Geleceği, onlara borçluyuz
Türkiye’nin o günkü lider kadrosu, Mustafa Kemal’in önderliğinde bu yolu tercih etmemiş olsaydı hiç kuşku yok bugün bulunduğumuz noktanın çok daha gerisinde duruyor olacaktık.
Türkleri, diğer Müslüman uluslardan ayıran şey Cumhuriyet Devrimi oldu..
Ve onu tamamlayan öteki devrimler.. Hilafetin kaldırılması, laiklik, harf devrimi, kadınlara erkeklerle eşit haklar tanınması…

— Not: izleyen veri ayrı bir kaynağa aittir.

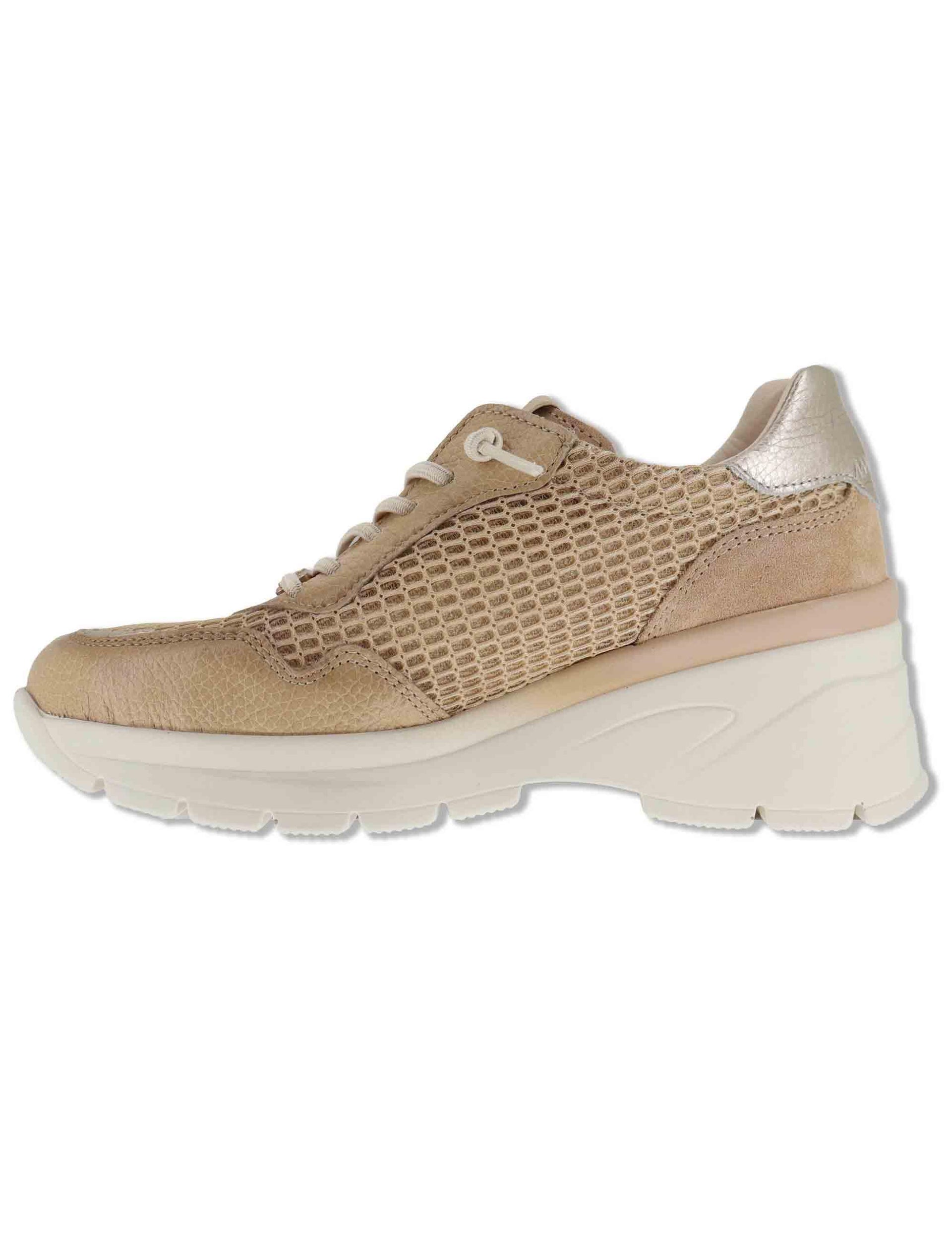 Sneakers donna in pelle e tessuto cuoio con zeppa alta HV264712 DESERT Hispanitas 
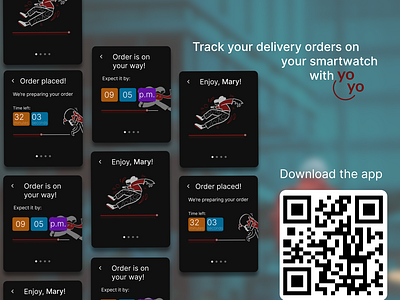 Delivery tracking app for smarwatches - YOYO branding design illustration ui ux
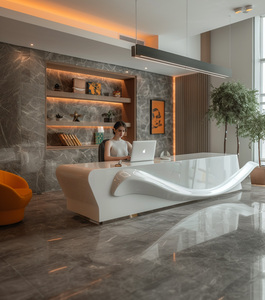 Q003 Elegante Mesa Rosa curvada mostrador personalizado recepción salón de belleza spa Oficina Banco L forma clínica mostradores de recepción - Product Image 6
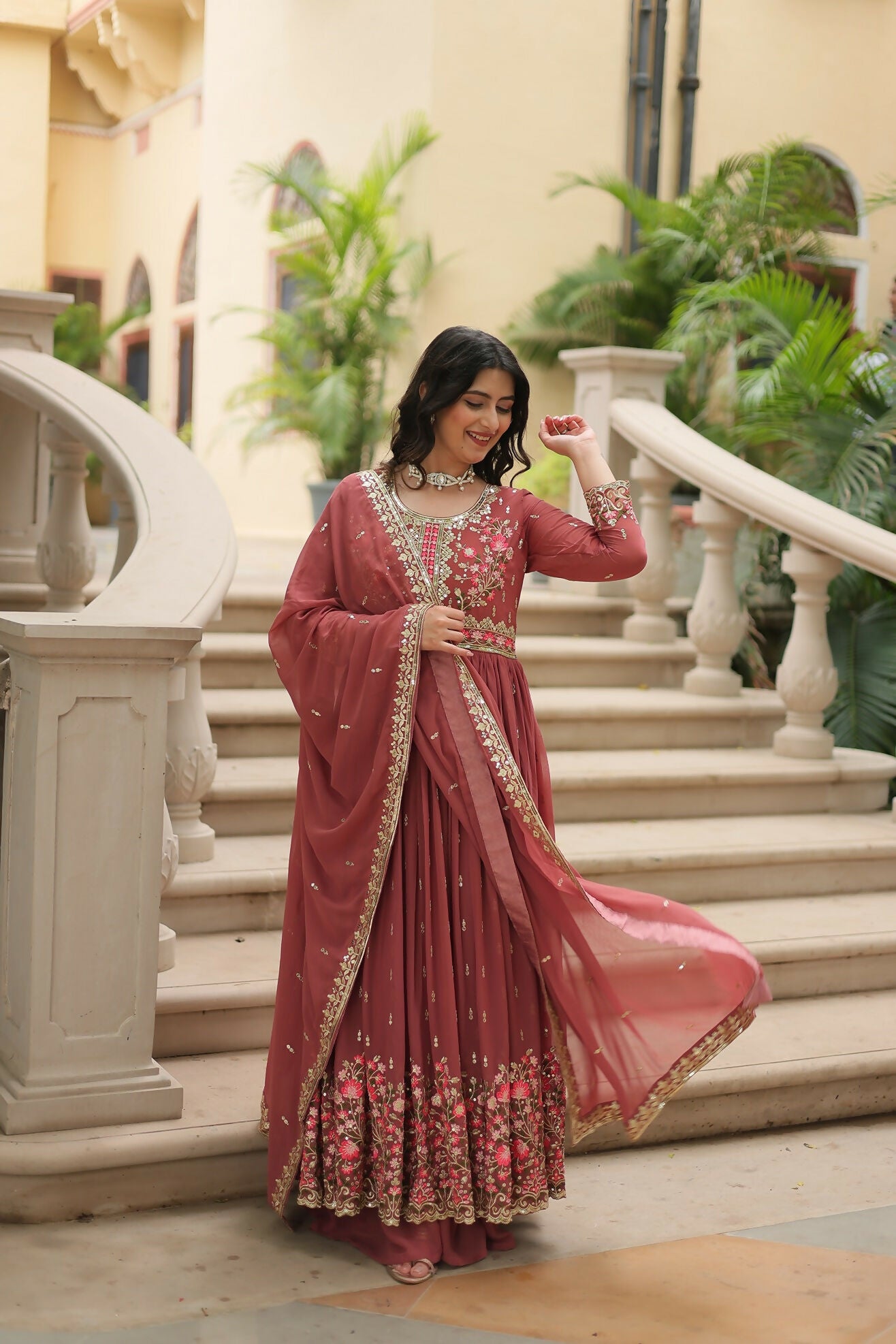 Joban Fashion Coffee Georgette Sequence Embroidery Work Kurta Set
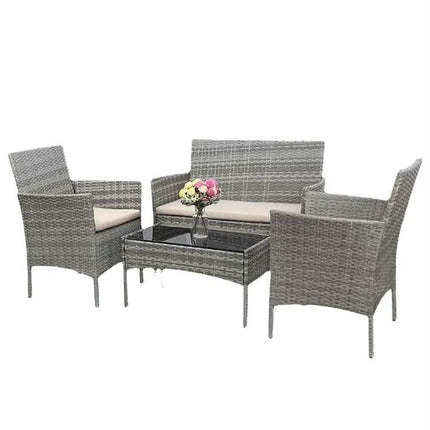 Brown Rattan Outdoor Furniture Set with Glass Coffee Table | 2 Chairs, Loveseat, Cushions, Custom Colors & Styles for Patio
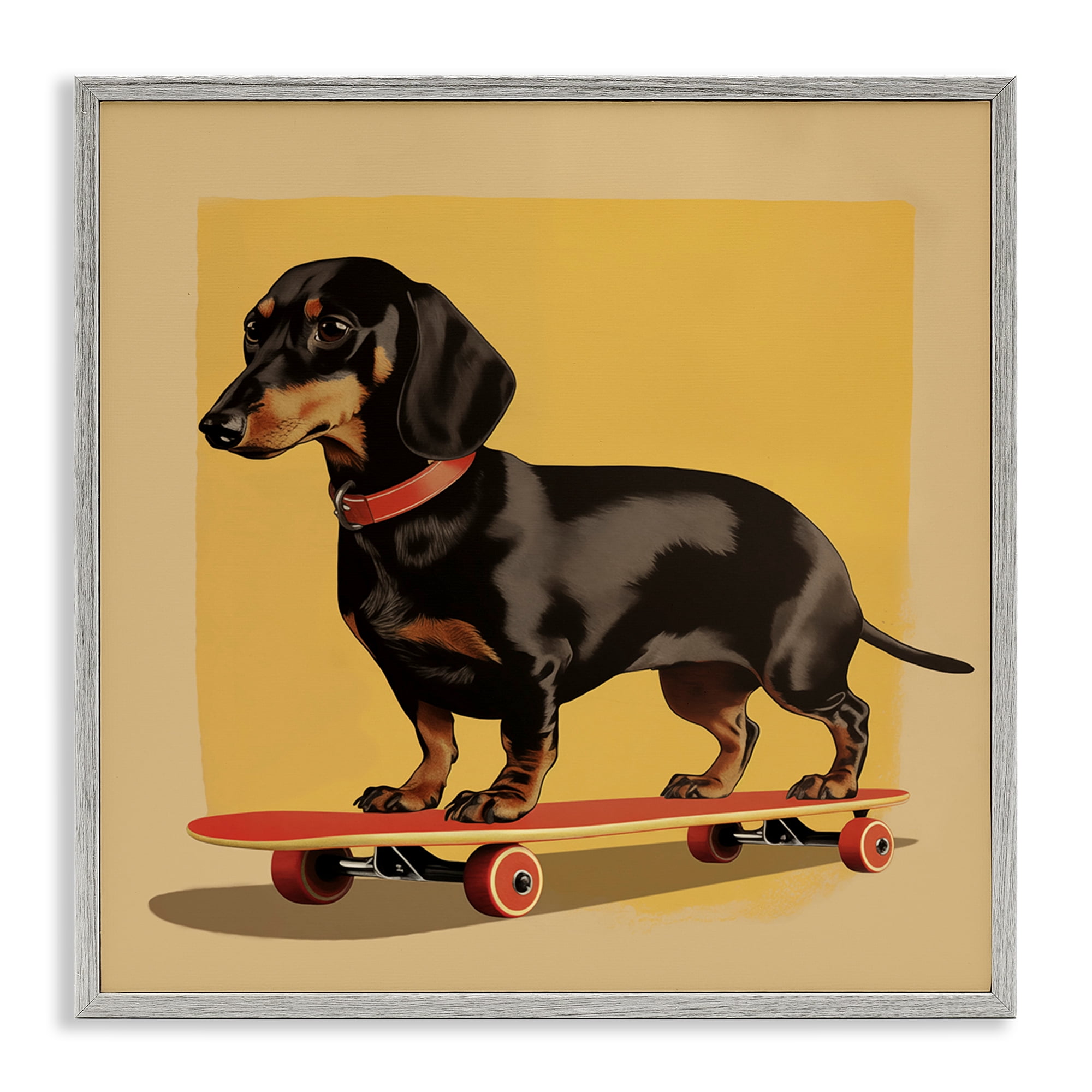 Stupell Industries Dachshund on Red Skateboard Gray Framed Giclee Art, design by Andreas Magnusson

Bugün bulunduğumuz yeri ve hatta bulunduğumuz yeri beğenmeyip daha fazlasını talep edebiliyor olmamızı büyük Cumhuriyet Devrimi’ne borçluyuz.
Cumhuriyet Bayramı kutlu olsun!
Özer Oral’ın ardından
Benim için ilginç bir tesadüftü dört yıl önce Milliyet’e geldiğim ilk gün Emre Oral ile karşılaşmış olmam..
Tesadüfün ilginçliği Milliyet’in Yayın Koordinatörü Emre’nin babası ile ilgili anılarımdan kaynaklanıyor.
Özer Oral, benim meslek yaşamımın ilk yıllarında Milliyet’in “sendika” muhabiriydi..
Türkiye, o günlerin hareketli sendikal meselelerini onun haberlerinden izlerdi.
Bunu iyi biliyorum, çünkü ben de o günlerde aynı zamanda bir sendikada faal olarak çalışıyordum.
Özer Bey ile zaman zaman telefonda konuşur, sendikal faaliyetlerimizle ilgili haberlerin gazetelerde yayınmlanabilmesi için yardımını isterdim.
Meslek yaşamının büyük bölümünü hep Milliyet’te sürdüren Özer Bey ile ilgili ilginç bir anım da var:
Yanılmıyorsam 1978 yılıydı. ABD kökenli bir kuruluş İstanbul’da bir seminer düzenlemişti. Seminerin konusu “sendikal faaliyetlerde halkla ilişkiler” gibi o zaman için yeni sayılabilecek bir kavramdı.
3 gün süren seminerin sonunda ayrılırken hepimize beyaz zarflar dağıtıldı. Zarfların içinde bir hayli yüklü miktarda para vardı. Elimizdeki paralara şaşkınlık içinde bakarken Özer Bey yanımıza geldi. “Bu kuruluş” dedi, “CIA tarafından finanse ediliyor. Bu para da oradan geliyor. Bunları geri vermelisiniz.”… Ve hepimiz paraları iade ettik..
Dün öğle saatlerinde Özer Bey’in öldüğünü haber aldım.. Tanıdığım gazetecilerin çoğu gibi o da kalp krizine yenik düşmüştü.
Acı bir tesadüf, sabahın erken saatlerinde de Ankara İstihbarat Şefimiz Serpil Çevikcan’ın babası Ergün Çevikcan’ın, ölüm haberini almıştık.
Tanrıdan merhumlara rahmet, sevgili arkadaşlarıma başsağlığı diliyorum.